Exercise
An exact transcription of all the entries is needed; pictures stay out.

┌────────

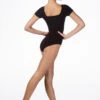 Move Dance Hadey Girls Square Neck Leotard -Best Dance Clothing Shop mo l5137 move hadey square neck leotard black back 72721.1678884387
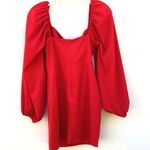 Princess Polly Womens Size 2 Lillie long puff sleeve red mini dress Photo 3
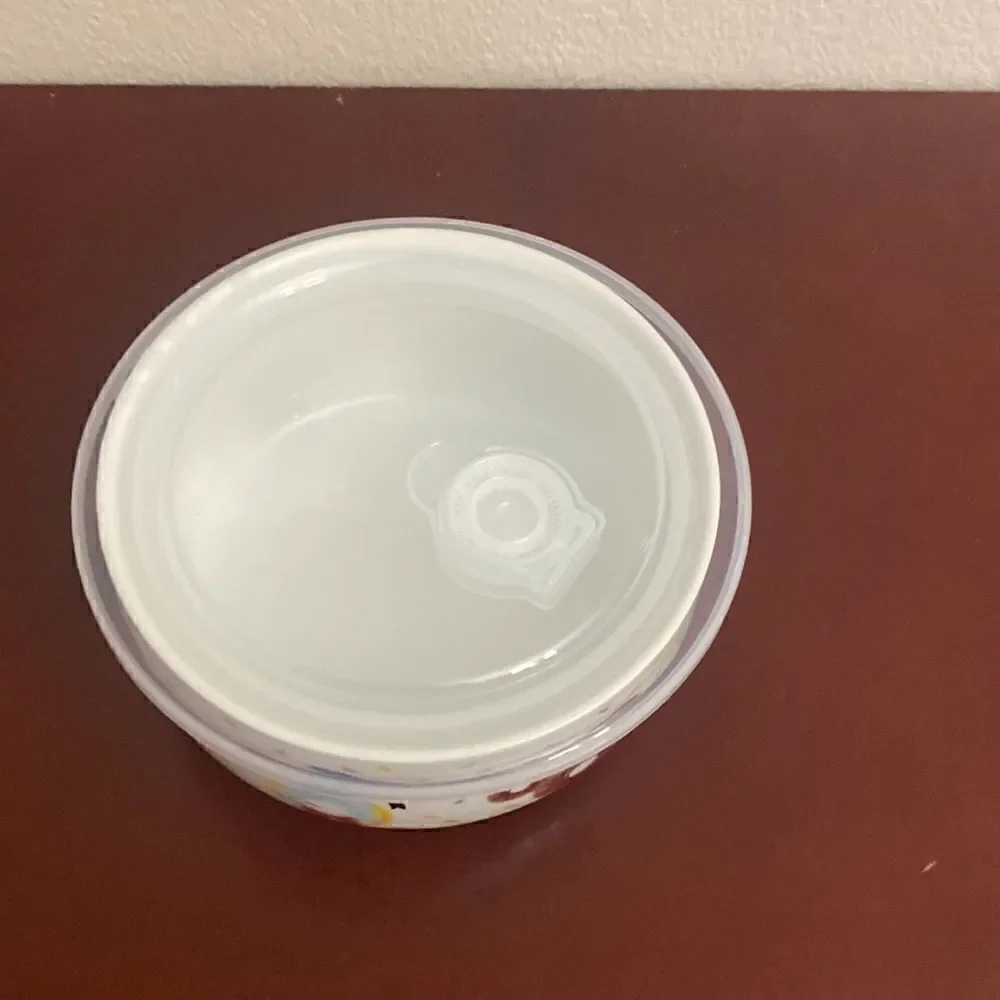 🍩🍩Mickey Mouse and Friends 26 Oz Round Plastic Microwave Bowl & Vented Lid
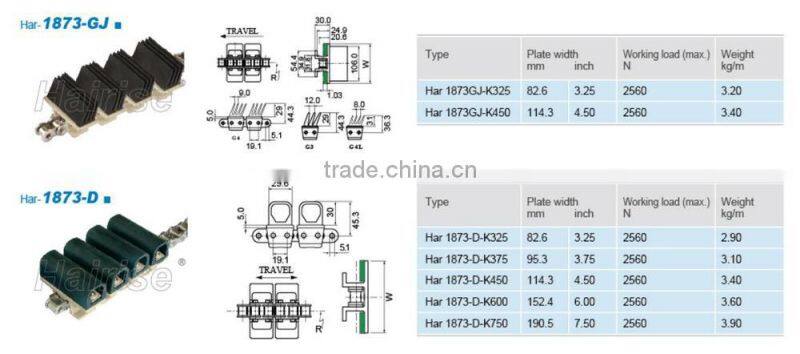 food Industry glass bottle sterilization machine transmission chain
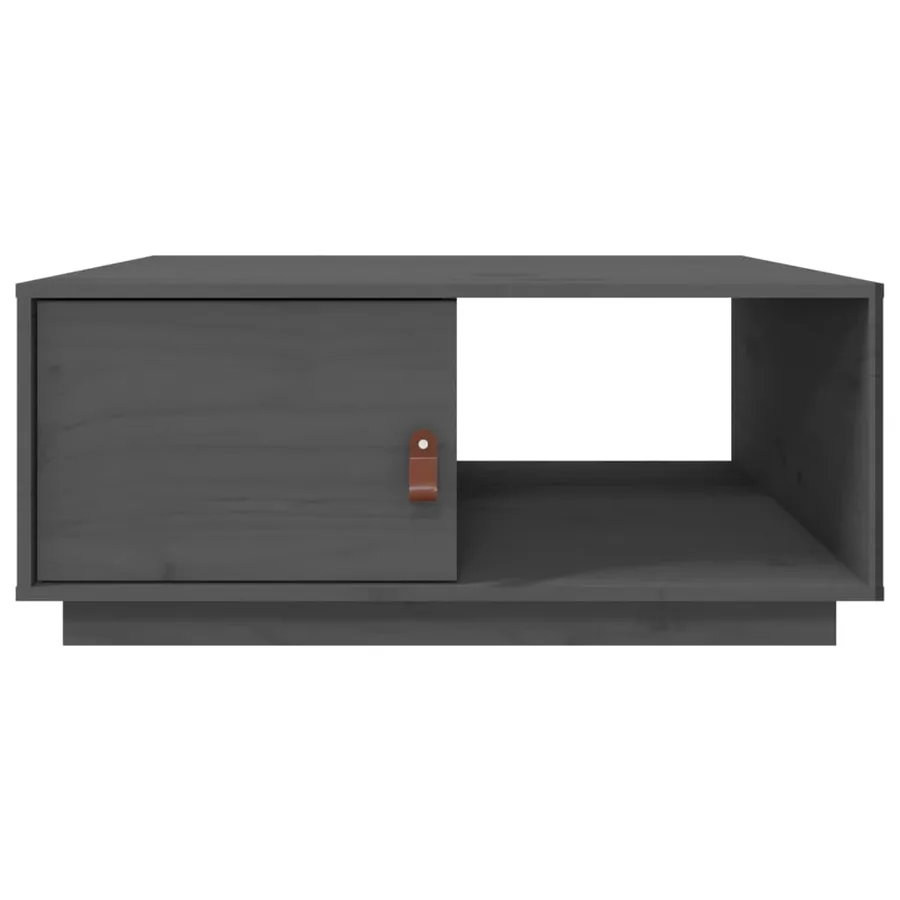 Table basse Gris 80x50x35,5 cm Bois massif de pin - 6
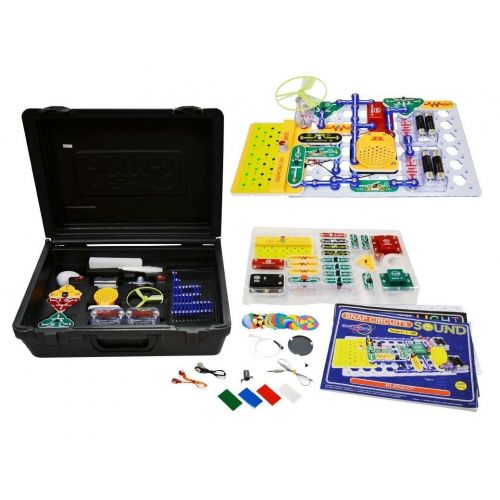  ELENCO SCC-350 Snap Circuits Deluxe:Light & Sound Combo Kit Ages 8+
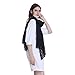 Women Fashion Scarf Wrap Shawl,RiscaWin Autumn Soft Lightweight Lace Scarves Wrap Warm Scarf(Black)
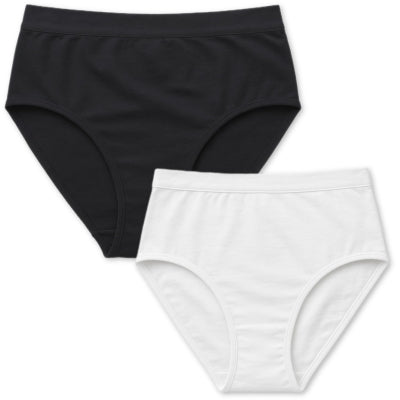 Vanting Sømløs bikinitrusse  VT2711B Sort/Hvid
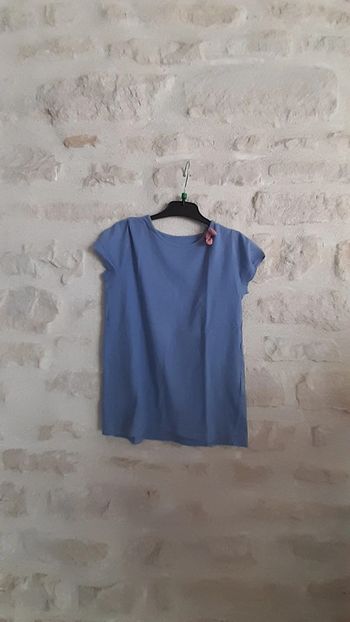 Tee-shirt bleu 10 ans manches courtes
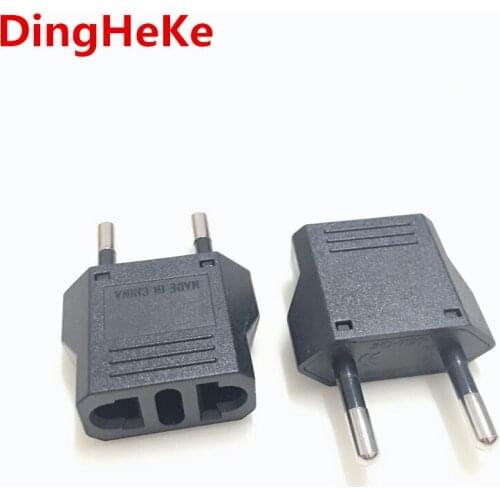 High Quality 2pcs US USA to EU EURO Europe Travel Power Plug Adapter Charger Converter for USA converter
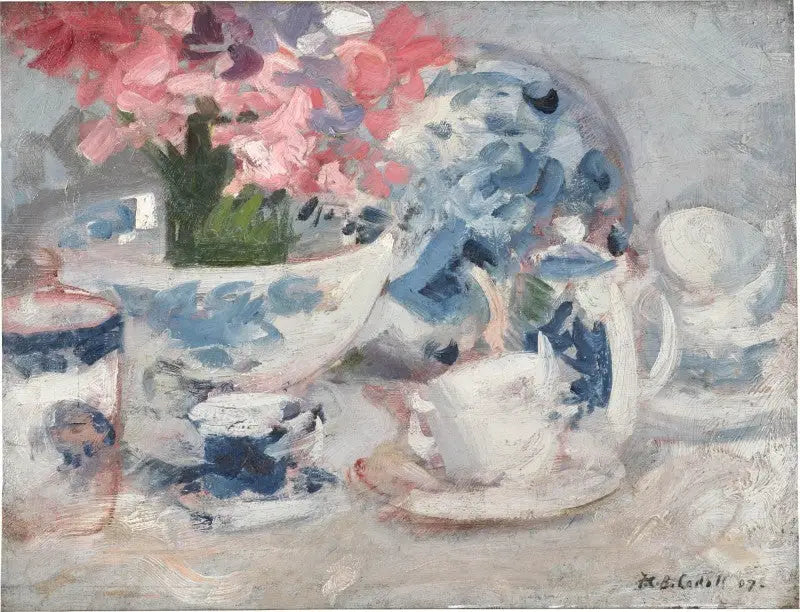 Branco, rosa e azul - Francis Cadell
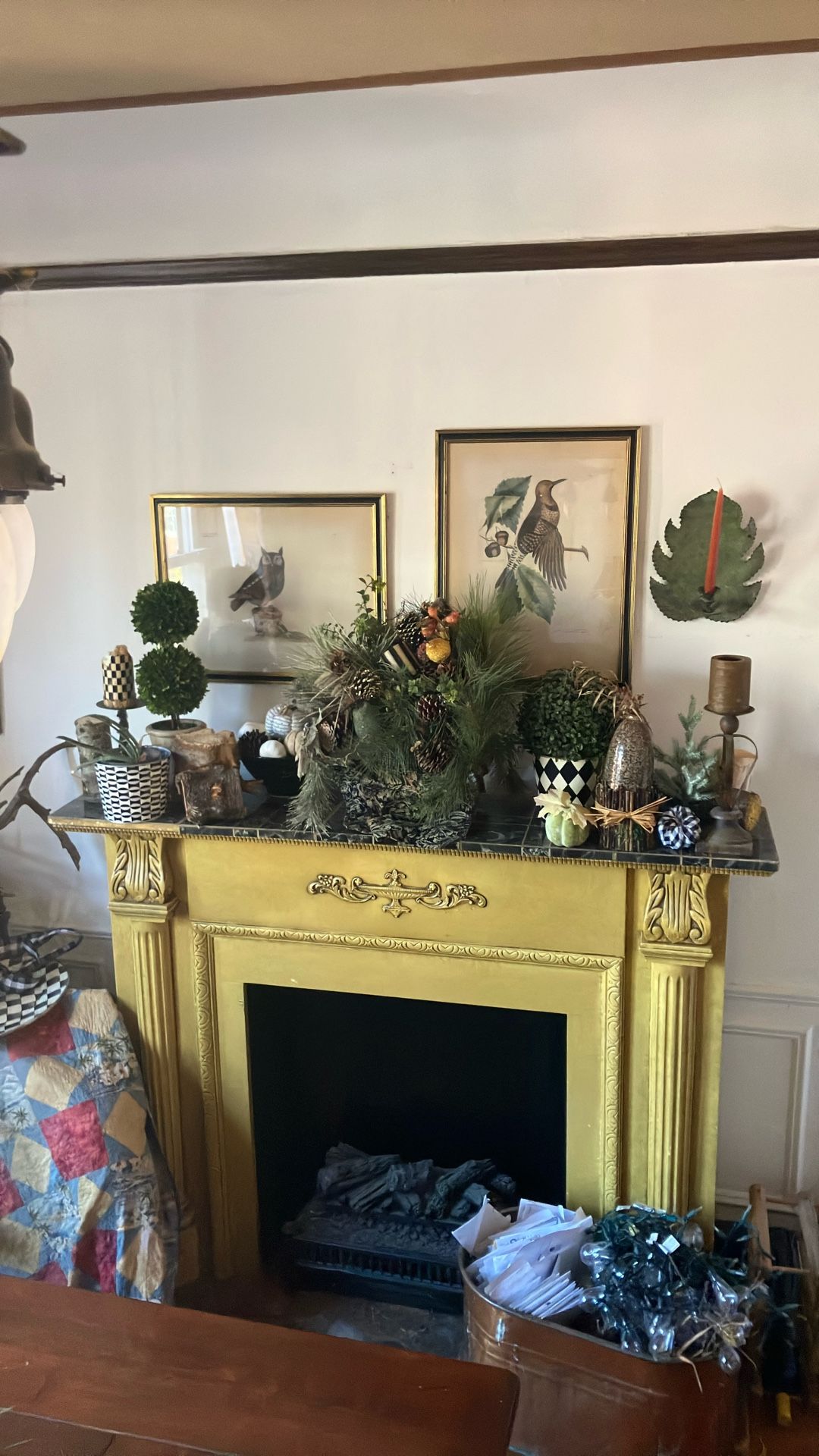 Mantle Grouping W Bird Pictures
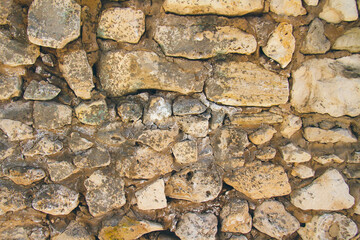Fototapeta premium Texture of an old stone with a crack. Grunge brick texture.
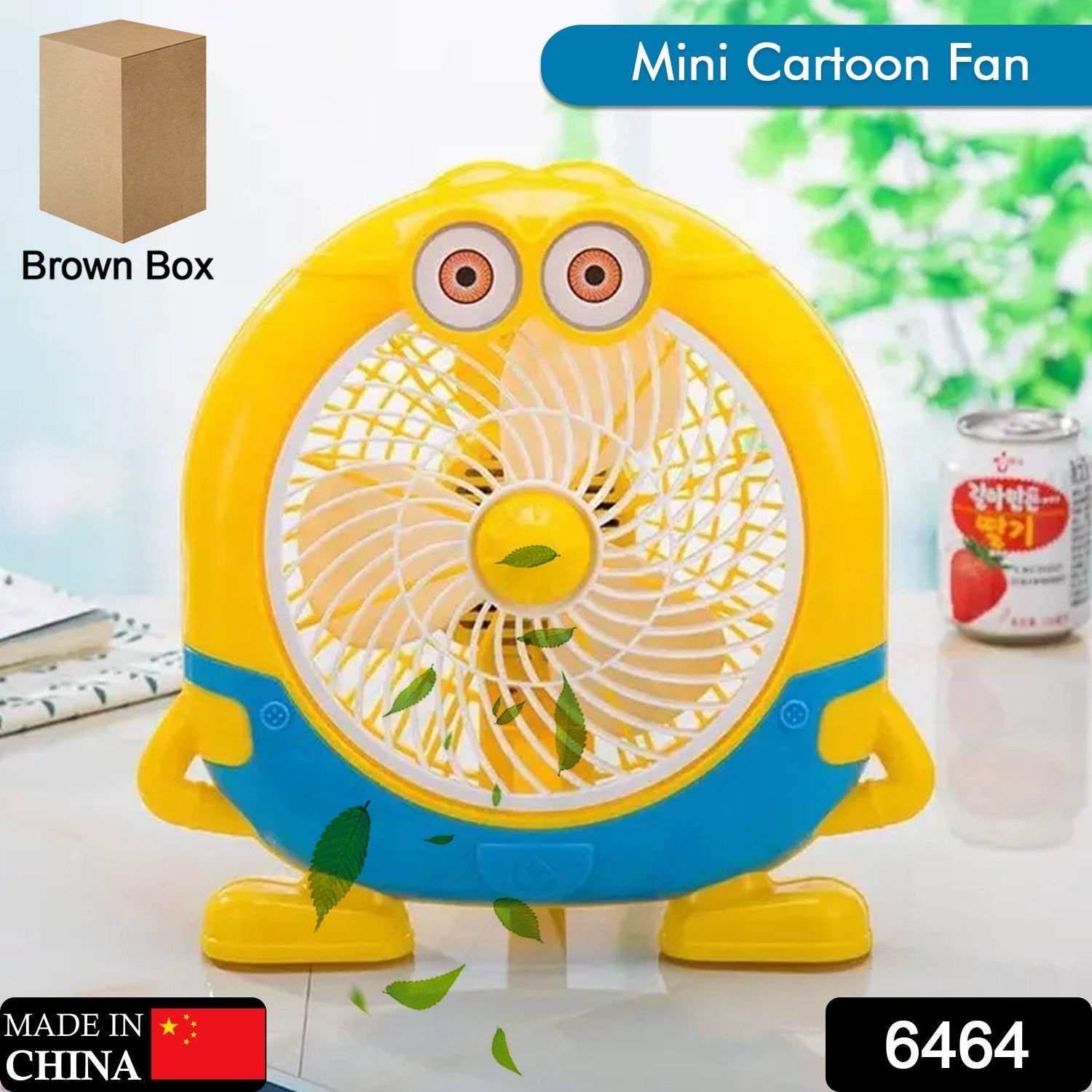 plastic cute mini electric usb fan desk fan for children ( No Battery)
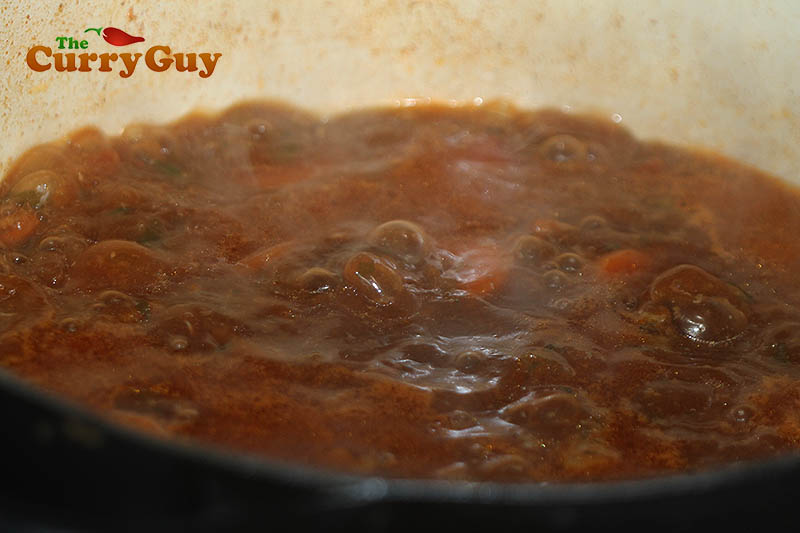 Making goat curry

└────────

Task answer
 Move Dance Hadey Girls Square Neck Leotard -Best Dance Clothing Shop mo l5137 move hadey square neck leotard black back 72721.1678884387
 Princess Polly Womens Size 2 Lillie long puff sleeve red mini dress Photo 3
 🍩🍩Mickey Mouse and Friends 26 Oz Round Plastic Microwave Bowl & Vented Lid
 food Industry glass bottle sterilization machine transmission chain
 Table basse Gris 80x50x35,5 cm Bois massif de pin - 6
  ELENCO SCC-350 Snap Circuits Deluxe:Light & Sound Combo Kit Ages 8+
 Women Fashion Scarf Wrap Shawl,RiscaWin Autumn Soft Lightweight Lace Scarves Wrap Warm Scarf(Black)
 Vanting Sømløs bikinitrusse  VT2711B Sort/Hvid
 Tee-shirt bleu 10 ans manches courtes
 High Quality 2pcs US USA to EU EURO Europe Travel Power Plug Adapter Charger Converter for USA converter
 Branco, rosa e azul - Francis Cadell
 Mantle Grouping W Bird Pictures
Fototapeta premium Texture of an old stone with a crack. Grunge brick texture.
 plastic cute mini electric usb fan desk fan for children ( No Battery)
 Making goat curry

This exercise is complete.